[Supplied records]
##############################

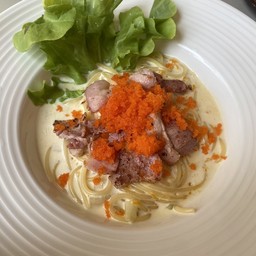 สปาเก็ตตี้คาโบนาร่า+ไข่กุ้ง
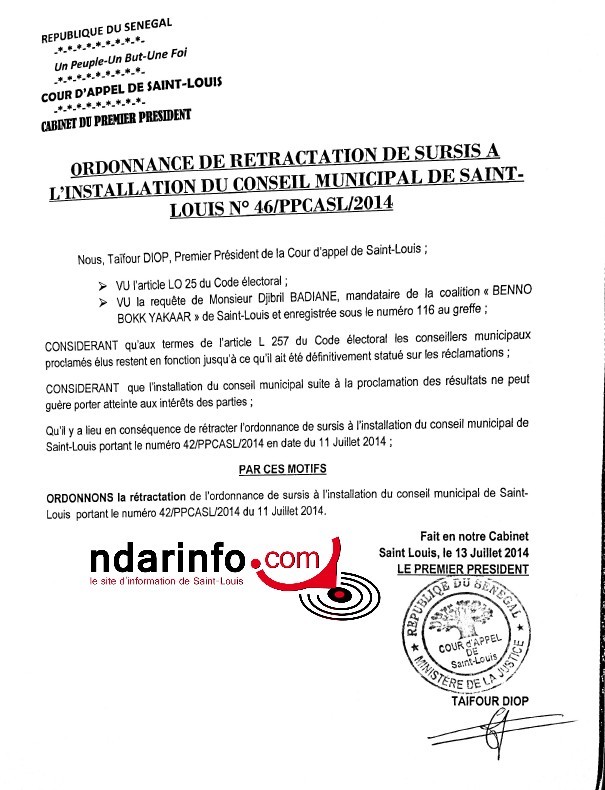DOCUMENTS EXCLUSIFS : L’ordonnance de sursis délivrée à Ahmet FALL BRAYA et l’autorisation d’installation du Conseil municipal remise au camp de Mansour FAYE.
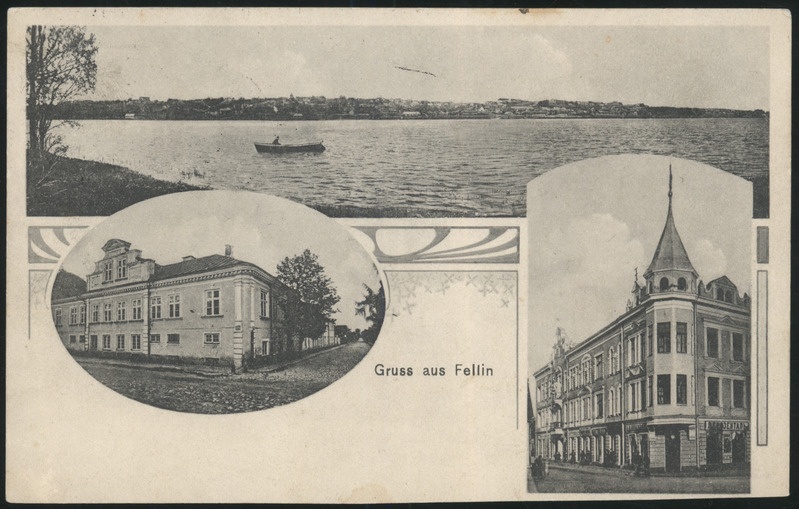 trükipostkaart, Viljandi, 3 vaadet, aadli preilide pansionaat Stift, järv ja linn, E. Pohli maja, Verlag E. Ring (Fellin), postitempel 03.03.1910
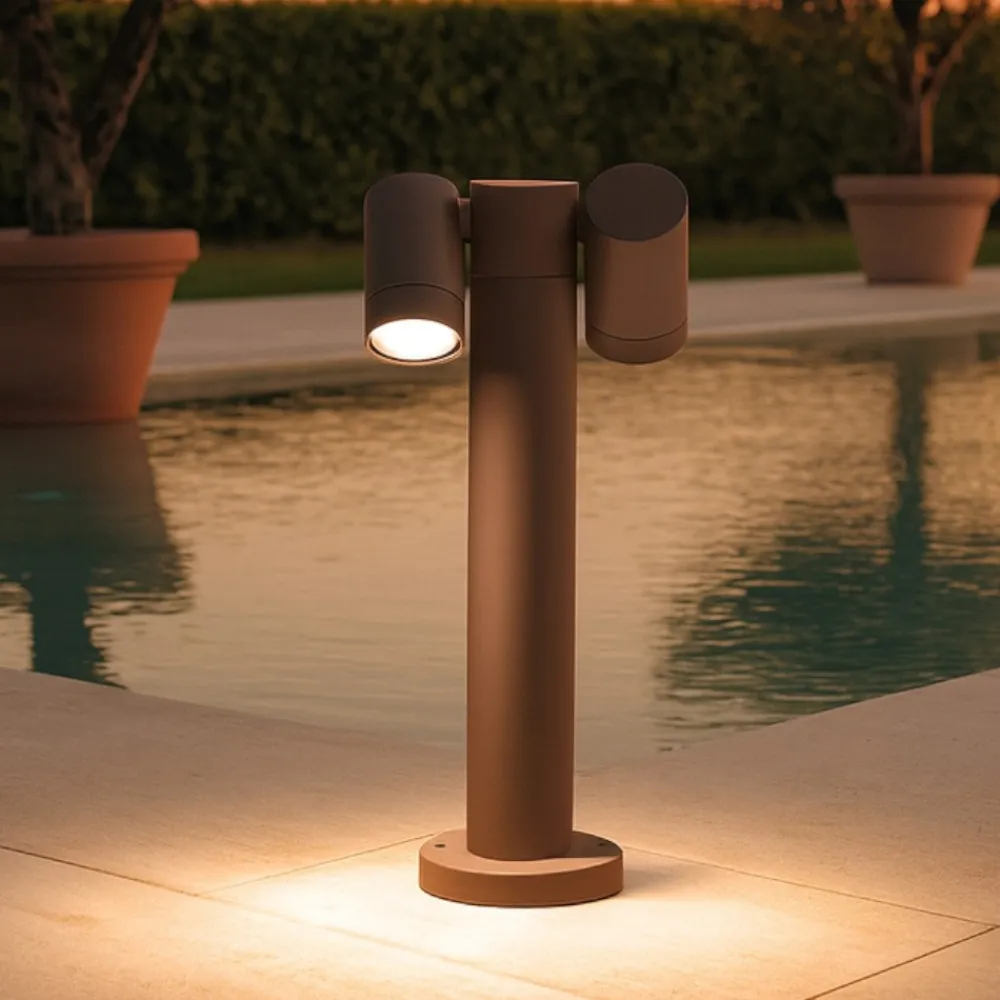 Lampioni Da Giardino-Gea Luce Lampione da giardino marrone luci orientabili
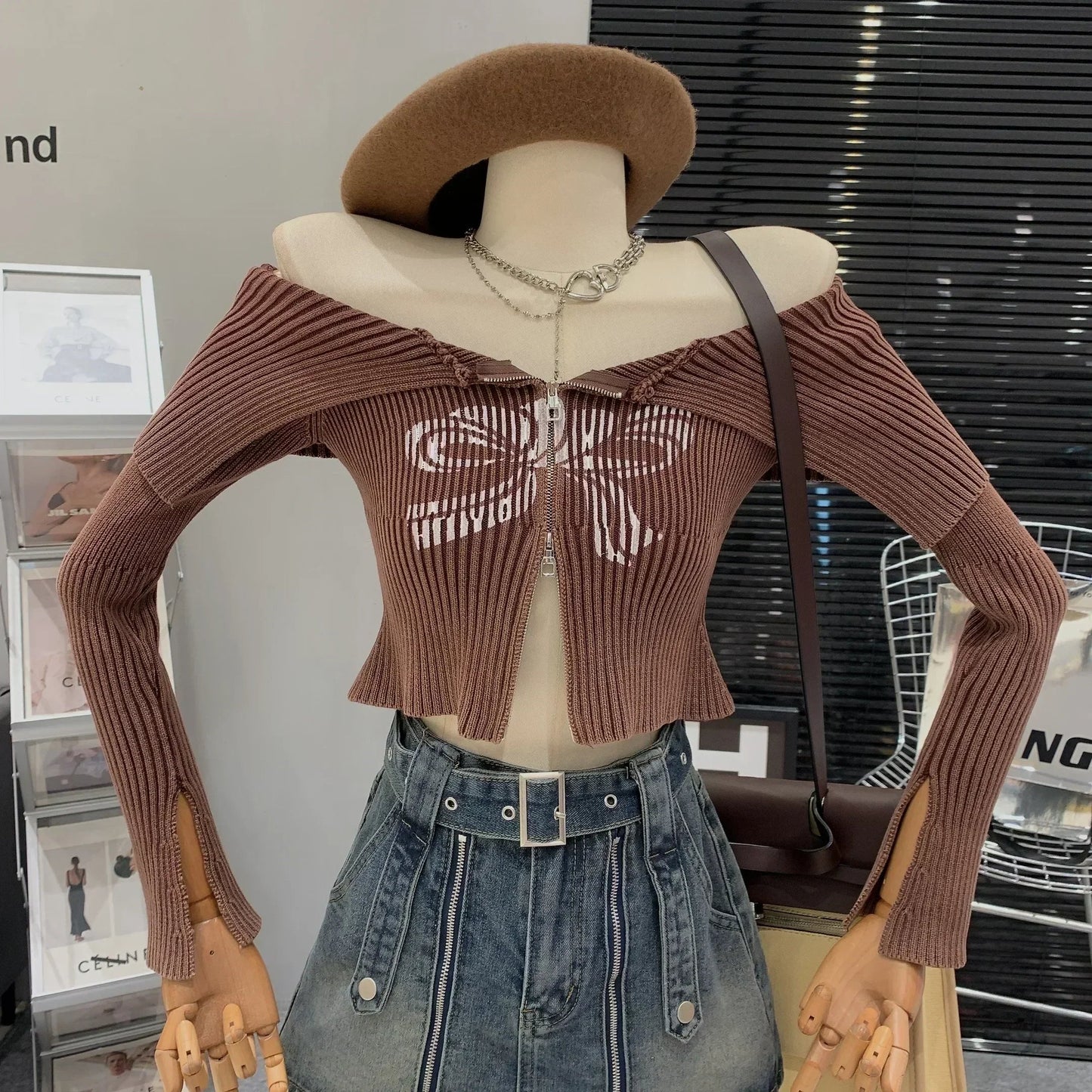 Bow Print Offshoulder Knitwear Gradient Cardigan Sweater Zipper Maillard Style Fairy Grunge Long Sleeve Top Y2k Clothes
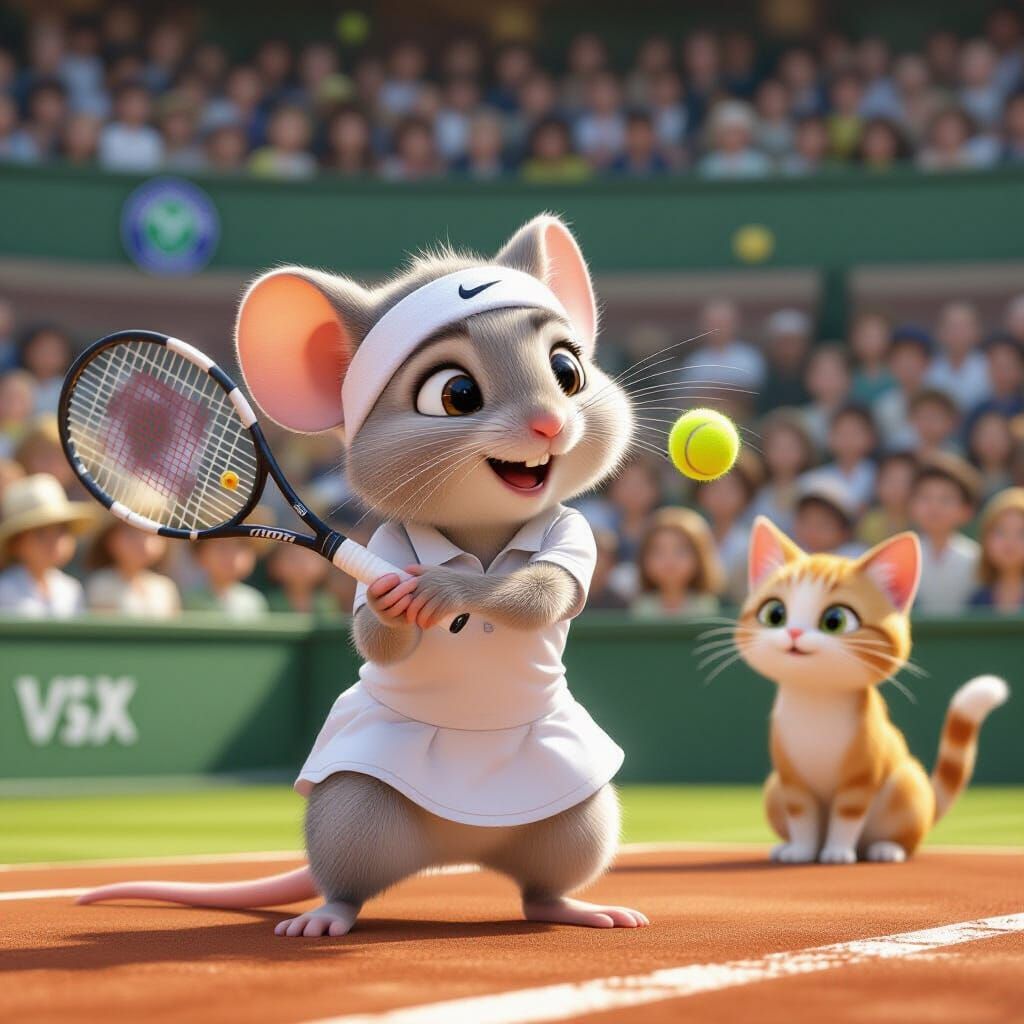 Mouse's Wimbledon Debut: A Cartoon Tennis Dream
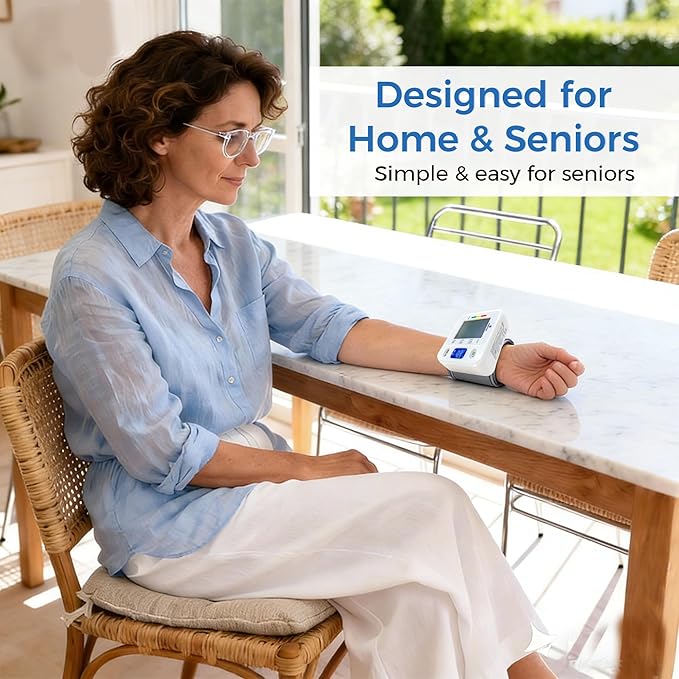 P PANACARE Wrist Blood Pressure Monitor for Home Use, Large LCD Backlit Display, Portable and Lightweight, 298 Memory Storage for 2 Users with Carrying Case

##############################

[Task objective] Print exactly the lines above that run from the one with "Bow Print Offshoulder" down to the one with "Mouse's Wimbledon Debut: A", and omit the pictures.

[Output for this task]
 Bow Print Offshoulder Knitwear Gradient Cardigan Sweater Zipper Maillard Style Fairy Grunge Long Sleeve Top Y2k Clothes
 Mouse's Wimbledon Debut: A Cartoon Tennis Dream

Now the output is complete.